**** Entries shown
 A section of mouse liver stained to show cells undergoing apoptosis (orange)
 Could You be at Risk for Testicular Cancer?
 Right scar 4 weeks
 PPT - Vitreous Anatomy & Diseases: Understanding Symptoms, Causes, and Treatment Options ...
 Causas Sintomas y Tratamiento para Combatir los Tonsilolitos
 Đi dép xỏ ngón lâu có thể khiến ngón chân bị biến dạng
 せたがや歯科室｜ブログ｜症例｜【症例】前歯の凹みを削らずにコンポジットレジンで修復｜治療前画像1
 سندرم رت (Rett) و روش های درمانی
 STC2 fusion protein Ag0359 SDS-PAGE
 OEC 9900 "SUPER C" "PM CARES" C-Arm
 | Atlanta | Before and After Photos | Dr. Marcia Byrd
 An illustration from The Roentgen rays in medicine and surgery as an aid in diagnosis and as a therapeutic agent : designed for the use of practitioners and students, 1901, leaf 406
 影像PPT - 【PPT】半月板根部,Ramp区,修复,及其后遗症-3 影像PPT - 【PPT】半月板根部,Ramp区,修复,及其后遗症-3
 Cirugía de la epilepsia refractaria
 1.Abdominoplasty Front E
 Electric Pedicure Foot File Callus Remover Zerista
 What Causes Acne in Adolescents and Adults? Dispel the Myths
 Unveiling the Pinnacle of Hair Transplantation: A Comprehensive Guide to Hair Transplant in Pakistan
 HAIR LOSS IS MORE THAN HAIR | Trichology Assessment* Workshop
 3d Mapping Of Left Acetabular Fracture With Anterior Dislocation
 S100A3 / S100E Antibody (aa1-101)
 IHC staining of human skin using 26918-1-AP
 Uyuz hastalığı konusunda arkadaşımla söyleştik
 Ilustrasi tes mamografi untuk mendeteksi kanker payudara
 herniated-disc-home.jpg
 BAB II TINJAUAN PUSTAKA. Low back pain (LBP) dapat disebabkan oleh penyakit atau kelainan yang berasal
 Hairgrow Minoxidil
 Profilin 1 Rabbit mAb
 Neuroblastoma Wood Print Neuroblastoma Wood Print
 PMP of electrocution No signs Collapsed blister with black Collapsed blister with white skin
********
- _Try it_:
If a line in the records has the word "Causes", copy that line.

- _Task response_:
 PPT - Vitreous Anatomy & Diseases: Understanding Symptoms, Causes, and Treatment Options ...
 What Causes Acne in Adolescents and Adults? Dispel the Myths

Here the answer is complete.